START Material provided

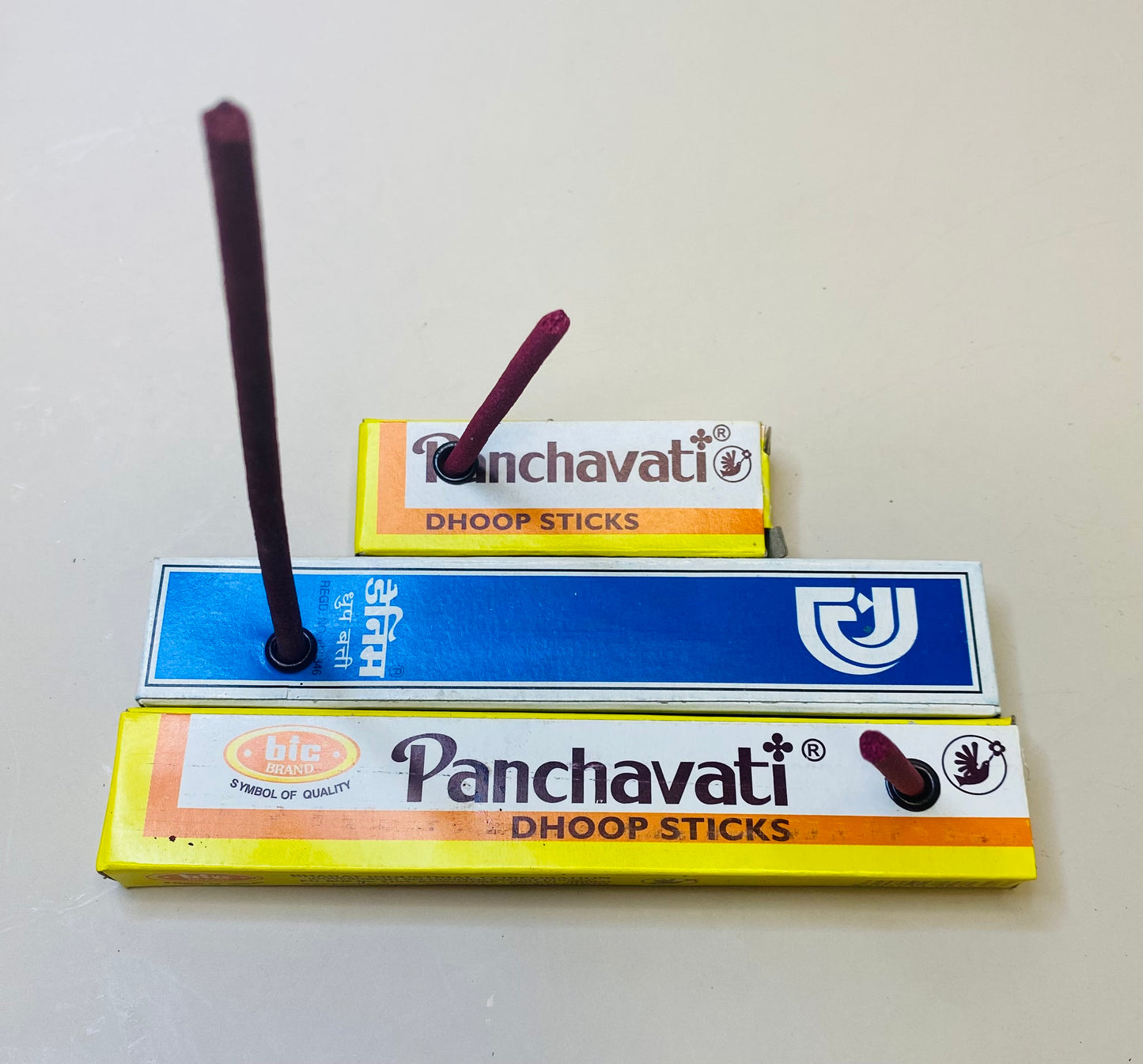 Panchavati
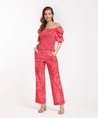 Studio Anneloes Broek Meghan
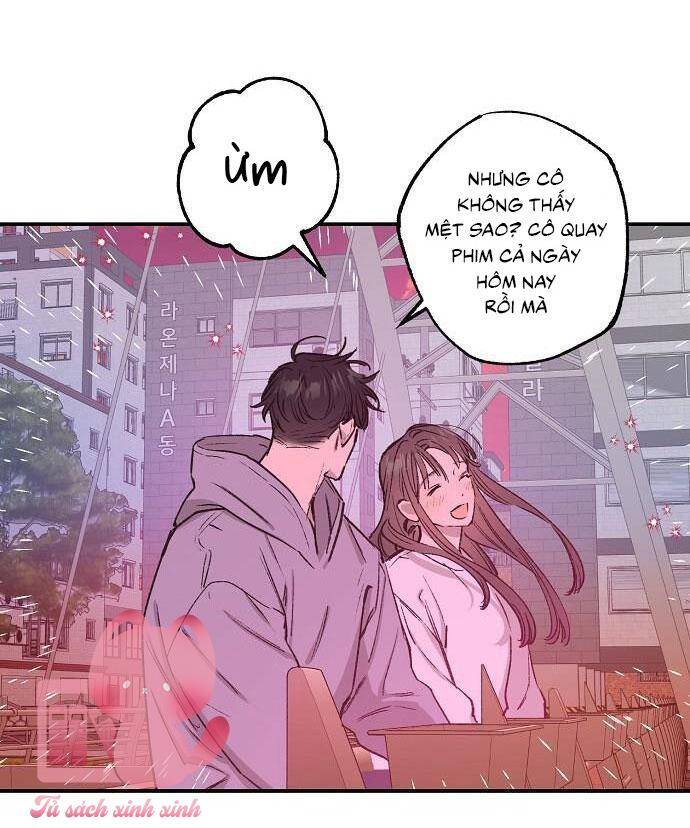 Onsaemiro Chapter 30 - 56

END Material provided

**Instructions for the task**
Could you copy the data above exactly, leaving the pictures out?

**Answer to this problem**
 Panchavati
 Studio Anneloes Broek Meghan
 Onsaemiro Chapter 30 - 56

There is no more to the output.